Deploying Unstructured AI infrastructure involves setting up the necessary resources in your cloud environment to support advanced AI applications. This page provides step-by-step instructions for deploying the infrastructure, including prerequisites, configuration details, deployment steps, and optional resources. It also covers troubleshooting common issues and upgrading existing deployments to newer versions.

Tip Deploy Unstructured AI infrastructure in a dedicated AWS subaccount for better resource isolation and management.
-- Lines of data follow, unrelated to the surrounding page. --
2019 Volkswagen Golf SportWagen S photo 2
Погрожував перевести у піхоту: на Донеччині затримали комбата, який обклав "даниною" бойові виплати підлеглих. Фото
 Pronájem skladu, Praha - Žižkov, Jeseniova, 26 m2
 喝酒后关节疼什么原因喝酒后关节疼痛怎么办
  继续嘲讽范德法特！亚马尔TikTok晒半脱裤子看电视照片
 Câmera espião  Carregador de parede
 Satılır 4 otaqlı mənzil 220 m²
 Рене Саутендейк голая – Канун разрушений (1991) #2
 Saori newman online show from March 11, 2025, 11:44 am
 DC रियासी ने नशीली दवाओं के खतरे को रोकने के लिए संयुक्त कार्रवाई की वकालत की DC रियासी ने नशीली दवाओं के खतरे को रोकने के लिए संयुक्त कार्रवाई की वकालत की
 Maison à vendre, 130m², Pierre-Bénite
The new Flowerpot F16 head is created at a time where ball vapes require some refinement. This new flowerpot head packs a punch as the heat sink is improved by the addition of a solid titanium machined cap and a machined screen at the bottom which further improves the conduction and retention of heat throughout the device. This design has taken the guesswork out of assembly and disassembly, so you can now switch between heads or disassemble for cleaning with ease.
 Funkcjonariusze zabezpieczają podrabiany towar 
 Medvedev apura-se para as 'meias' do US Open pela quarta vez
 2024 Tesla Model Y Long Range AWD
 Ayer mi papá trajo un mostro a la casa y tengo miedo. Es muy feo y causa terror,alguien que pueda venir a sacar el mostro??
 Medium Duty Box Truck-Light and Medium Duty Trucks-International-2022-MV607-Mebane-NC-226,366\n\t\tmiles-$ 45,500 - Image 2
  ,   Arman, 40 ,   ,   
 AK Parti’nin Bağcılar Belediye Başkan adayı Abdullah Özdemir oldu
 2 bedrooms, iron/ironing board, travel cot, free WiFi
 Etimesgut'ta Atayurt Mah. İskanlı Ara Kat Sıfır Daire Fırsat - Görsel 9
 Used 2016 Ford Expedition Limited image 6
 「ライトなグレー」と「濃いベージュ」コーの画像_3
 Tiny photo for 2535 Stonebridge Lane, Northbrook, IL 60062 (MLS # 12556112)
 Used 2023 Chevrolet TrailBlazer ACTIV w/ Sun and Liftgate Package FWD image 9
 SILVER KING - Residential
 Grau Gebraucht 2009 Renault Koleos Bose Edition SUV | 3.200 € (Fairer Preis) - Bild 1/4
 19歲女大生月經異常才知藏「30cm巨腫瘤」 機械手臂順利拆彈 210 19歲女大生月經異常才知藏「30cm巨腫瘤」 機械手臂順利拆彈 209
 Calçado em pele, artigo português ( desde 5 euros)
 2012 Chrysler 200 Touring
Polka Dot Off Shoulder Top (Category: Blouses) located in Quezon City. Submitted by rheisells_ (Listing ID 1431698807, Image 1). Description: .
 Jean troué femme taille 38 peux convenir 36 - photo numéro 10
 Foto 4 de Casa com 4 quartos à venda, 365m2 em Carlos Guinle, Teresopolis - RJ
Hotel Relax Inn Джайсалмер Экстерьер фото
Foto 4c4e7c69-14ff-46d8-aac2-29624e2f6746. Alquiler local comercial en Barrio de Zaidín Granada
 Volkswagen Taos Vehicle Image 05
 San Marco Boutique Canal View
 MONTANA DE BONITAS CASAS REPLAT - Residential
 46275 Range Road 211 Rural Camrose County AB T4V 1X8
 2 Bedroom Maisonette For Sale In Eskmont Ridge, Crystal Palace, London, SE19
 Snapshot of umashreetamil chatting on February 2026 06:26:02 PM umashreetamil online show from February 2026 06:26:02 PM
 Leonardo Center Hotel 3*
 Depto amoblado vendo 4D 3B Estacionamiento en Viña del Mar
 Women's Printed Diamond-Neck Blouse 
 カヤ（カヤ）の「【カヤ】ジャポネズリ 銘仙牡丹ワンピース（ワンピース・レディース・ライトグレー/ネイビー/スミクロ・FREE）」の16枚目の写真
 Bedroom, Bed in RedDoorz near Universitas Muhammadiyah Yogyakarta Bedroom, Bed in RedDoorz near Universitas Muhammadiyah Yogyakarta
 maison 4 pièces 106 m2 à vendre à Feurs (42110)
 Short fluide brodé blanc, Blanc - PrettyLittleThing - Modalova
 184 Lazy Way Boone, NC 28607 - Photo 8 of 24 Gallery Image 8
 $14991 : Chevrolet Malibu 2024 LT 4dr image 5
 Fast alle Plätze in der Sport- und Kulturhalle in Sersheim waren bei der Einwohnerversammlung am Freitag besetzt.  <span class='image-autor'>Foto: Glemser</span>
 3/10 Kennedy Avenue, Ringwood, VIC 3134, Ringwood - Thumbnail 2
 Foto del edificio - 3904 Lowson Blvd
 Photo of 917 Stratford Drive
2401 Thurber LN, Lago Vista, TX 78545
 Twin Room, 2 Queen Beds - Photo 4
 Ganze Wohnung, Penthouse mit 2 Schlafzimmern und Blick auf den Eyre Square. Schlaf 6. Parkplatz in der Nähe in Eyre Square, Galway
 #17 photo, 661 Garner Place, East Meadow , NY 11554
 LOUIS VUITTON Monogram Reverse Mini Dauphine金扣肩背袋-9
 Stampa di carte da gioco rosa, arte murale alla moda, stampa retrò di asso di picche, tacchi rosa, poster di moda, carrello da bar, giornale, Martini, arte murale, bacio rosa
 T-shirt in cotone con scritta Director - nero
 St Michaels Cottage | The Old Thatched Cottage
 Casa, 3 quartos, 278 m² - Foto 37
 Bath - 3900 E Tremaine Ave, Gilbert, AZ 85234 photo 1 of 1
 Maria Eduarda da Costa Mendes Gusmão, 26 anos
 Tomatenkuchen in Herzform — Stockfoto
If you choose to set up a subaccount, follow the AWS Organizations documentation to create a new account under your organization.

Prerequisites

  • You must have the following tools installed on your local machine:
    • Terraform (version 1.12.2 or newer)
    • Optionally, AWS CLI (version 2.23.6 or newer)
  • You must have an AWS account with the necessary permissions to create and manage resources.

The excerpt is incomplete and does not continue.